• _Task details_
If an entry holds a picture, drop the picture and restate the rest word for word.

Captioned web image data:
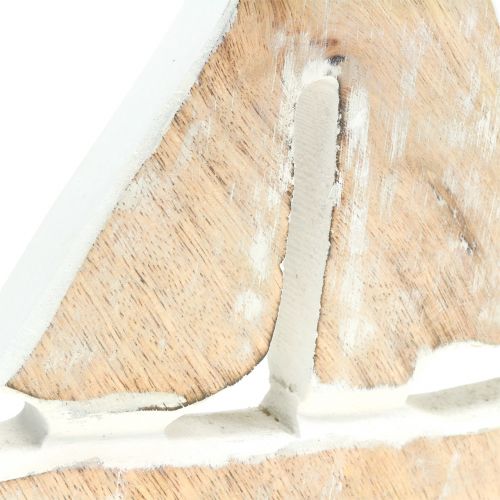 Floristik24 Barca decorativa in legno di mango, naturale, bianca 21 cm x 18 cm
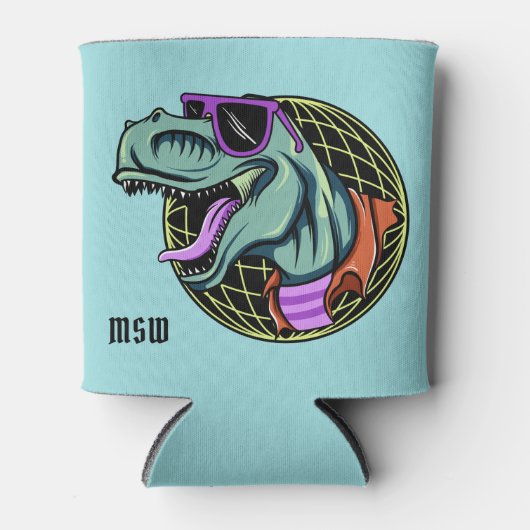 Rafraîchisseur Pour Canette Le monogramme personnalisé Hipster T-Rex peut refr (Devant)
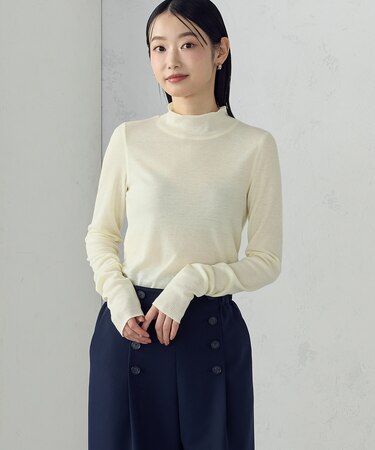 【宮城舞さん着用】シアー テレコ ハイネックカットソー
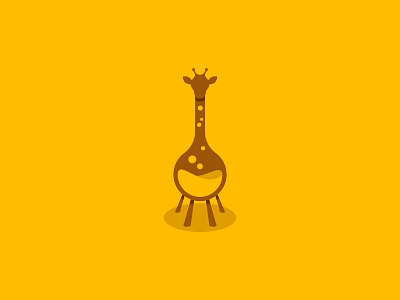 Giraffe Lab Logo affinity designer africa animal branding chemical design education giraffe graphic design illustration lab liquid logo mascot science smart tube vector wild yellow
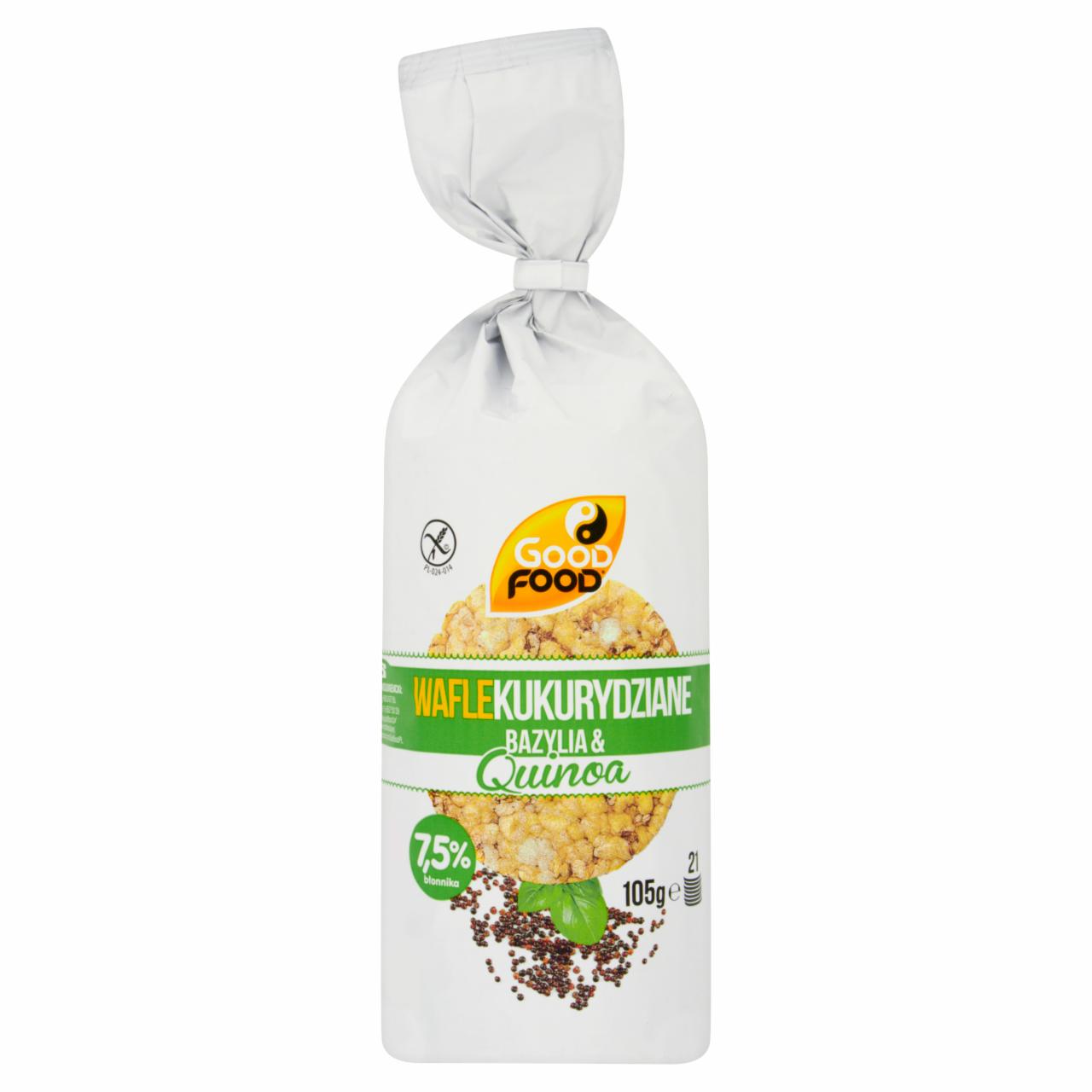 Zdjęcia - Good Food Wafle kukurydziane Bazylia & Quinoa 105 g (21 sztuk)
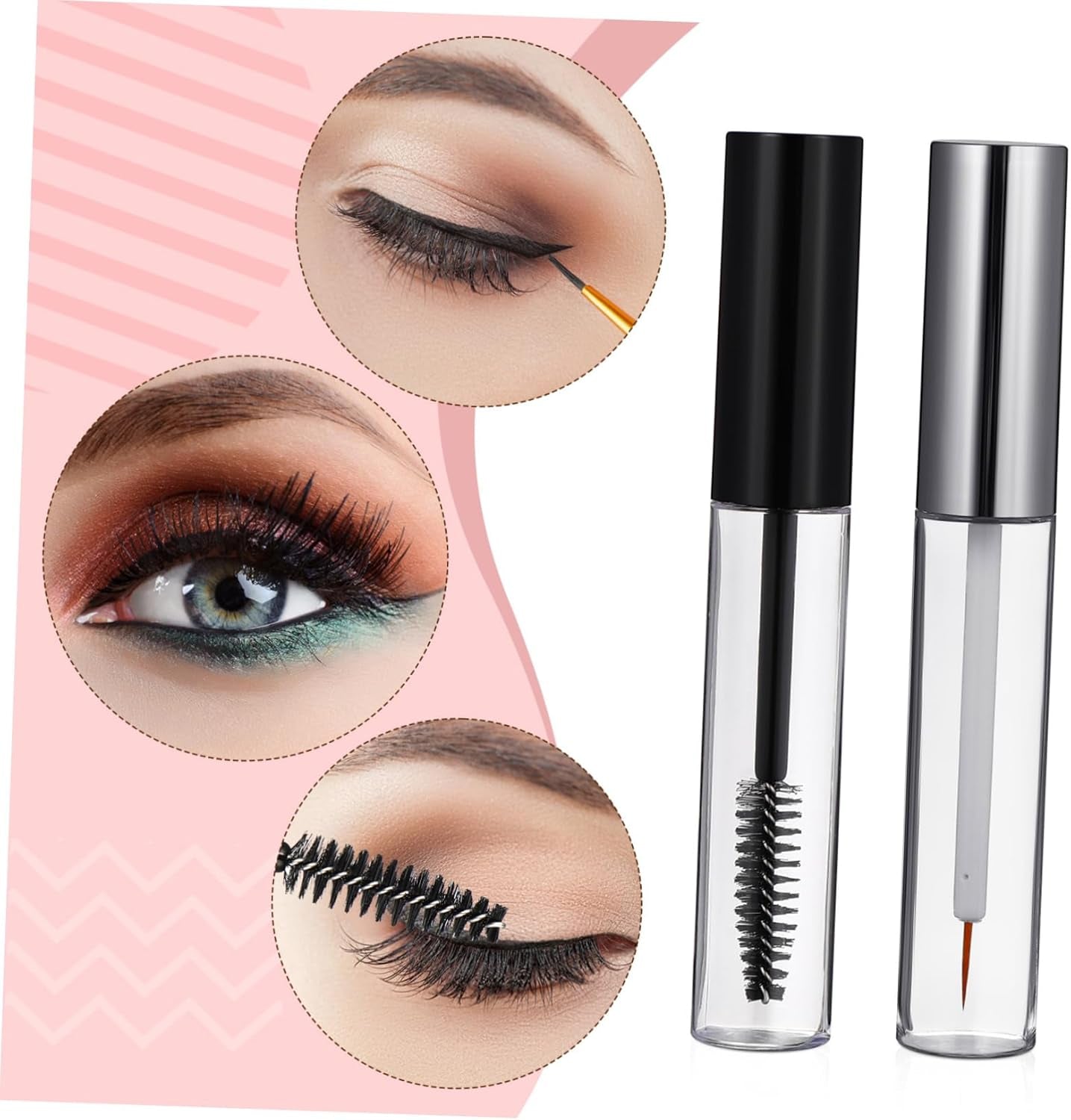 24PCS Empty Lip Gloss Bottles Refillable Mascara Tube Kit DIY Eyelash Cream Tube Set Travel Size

• _Task output_
 Floristik24 Barca decorativa in legno di mango, naturale, bianca 21 cm x 18 cm
 Rafraîchisseur Pour Canette Le monogramme personnalisé Hipster T-Rex peut refr (Devant)
 【宮城舞さん着用】シアー テレコ ハイネックカットソー
 Giraffe Lab Logo affinity designer africa animal branding chemical design education giraffe graphic design illustration lab liquid logo mascot science smart tube vector wild yellow
 Zdjęcia - Good Food Wafle kukurydziane Bazylia & Quinoa 105 g (21 sztuk)
 24PCS Empty Lip Gloss Bottles Refillable Mascara Tube Kit DIY Eyelash Cream Tube Set Travel Size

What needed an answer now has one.